Texas may have executed the wrong Carlos
An investigation by students at Columbia Law School has uncovered evidence strongly suggesting that Texas may have executed the wrong man for the 1983 killing of a convenience store clerk in Corpus Christi.
The team, led by Professor James Liebman, found previously suppressed evidence that appeared to exonerate Carlos DeLuna, who was executed in 1989. The Columbia team’s findings – along with court documents, recordings, evidence, and interviews – are published on TheWrongCarlos.net.
DeLuna, a Hispanic man with “childlike intelligence”, was convicted of stabbing and killing Wanda Lopez with a lock-blade buck knife at a Corpus Christi gas station in 1983. DeLuna was sentenced to death despite no forensic evidence, such as fingerprints, linking him to the crime. Instead, prosecutors primarily relied on the testimony of an Anglo witness who saw a Hispanic man fleeing the scene in the dark.
“No one cared enough about the defendant or the victim to make sure they caught the right guy,” said Liebman, a leading deathpenalty litigationexpert and the Simon H. Rifkind Professor of Law at Columbia Law School. “Everything that could go wrong in a death penalty case did go wrong for DeLuna.”
DeLuna, even at the death chamber, maintained his innocence and repeatedly told police and prosecutors that another Carlos – Carlos Hernandez – had committed Lopez’s murder.
There were good reasons to suspect Hernandez, with whom DeLuna was supposed to meet that day at a strip club across the street from the Shamrock gas station where Lopez worked.
Hernandez, who bore striking physical resemblance to DeLuna, had a history of violence against women, including threatening his girlfriend with a knife in 1981 and attacking his wife with an ax in 1983. Hernandez was also suspected in the 1979 killing of Dahlia Sauceda but never stood trial for her brutal death. Hernandez also displayed an affinity for knives; he was carrying a knife in at least 13 of his arrests.

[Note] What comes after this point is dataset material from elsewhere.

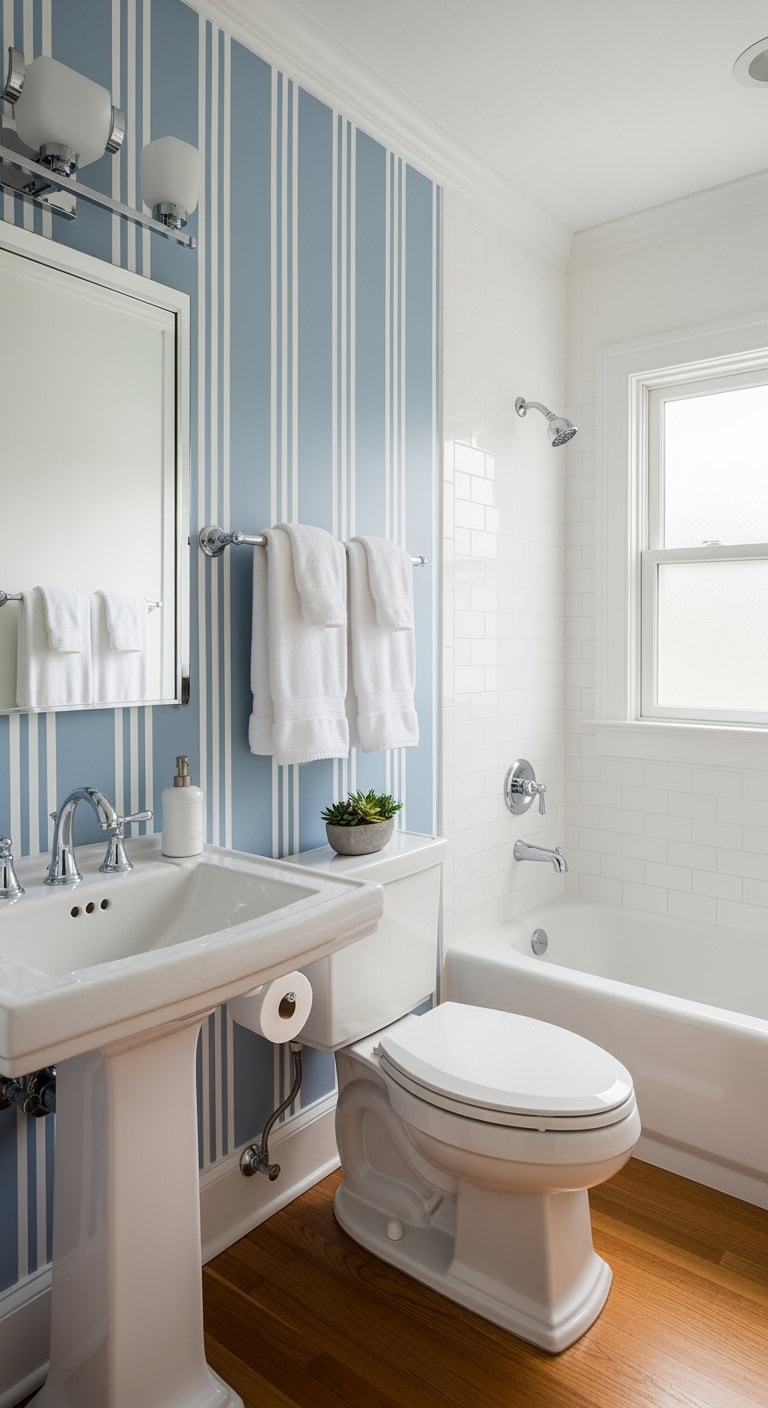 nautical chic bathroom wallpaper sophistication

One of the evidence suppressed during DeLuna’s trial is the audio recording of police dispatches showing police pursuing a suspect matching Hernandez’s description 30 minutes after the crime. The witness stated that the assailant had a mustache. DeLuna was clean-shaven whereas Hernandez wore a mustache.
But despite the evidence discrepancies and Hernandez’s long criminal record, prosecutors did not take DeLuna’s assertions of innocence seriously, dismissing his claims as the “some other dude named Carlos” defense.

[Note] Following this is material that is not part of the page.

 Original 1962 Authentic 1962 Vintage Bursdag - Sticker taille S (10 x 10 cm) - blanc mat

Although police were already well-acquainted with Carlos Hernandez even before Lopez’s death, the Columbia team found that there appeared to be little effort by police and prosecutors to look into whether Hernandez could have committed the crime. The fingerprints collected at the gas station crime scene were “very, very bad” quality, and thus investigators could not compare the crime scene prints with Hernandez’s fingerprints that were on file to verify or eliminate him as a suspect.

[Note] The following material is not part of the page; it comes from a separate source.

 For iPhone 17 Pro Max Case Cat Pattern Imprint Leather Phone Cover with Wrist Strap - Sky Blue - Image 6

“As a result, there were no matches to anyone named Carlos Hernandez – or to Carlos DeLuna, for that matter,” the report pointed out.
However, the lack of “quality” forensic evidence did not stop prosecutors from pursuing the death penalty against DeLuna.
Meanwhile, as DeLuna was sent to death row, Hernandez roamed free in Corpus Christi. Hernandez was even heard bragging about killing Lopez.
“I heard Carlos Hernandez once talking about a stabbing or a killing that had happened…that a tocayo [namesake] had taken the blame for it,” said Janie Adrian, neighbor of Carlos Hernandez. “…That he had stabbed [Wanda Lopez].”
Crying, Adrian explained to the Columbia Law School team, “I didn’t want to say nothing because I was afraid he would find me or something and he would come if he knew that we knew more than what we’re supposed – what we had heard.”
The authors of the report suggested that Texas prosecutors may have wrongfully condemned an innocent man to death while allowing the true killer to continue terrorizing the residents of Corpus Christi.
In 1989, the same year DeLuna was put to death by lethal injection, Hernandez attacked Dina Ybanez with a lock-blade buck knife – a similar type of knife used to kill Lopez. Ten years after DeLuna’s execution, Hernandez died of liver cirrhosis in prison where he was serving time for attacking his neighbor with a kitchen knife.
“Sadly, DeLuna’s story is not unique,” Liebman said. “The very same factors that sent DeLuna to his death—faulty eyewitness testimony, shoddy legal representation, and prosecutorial misfeasance—continue to put innocent people at risk of execution today.”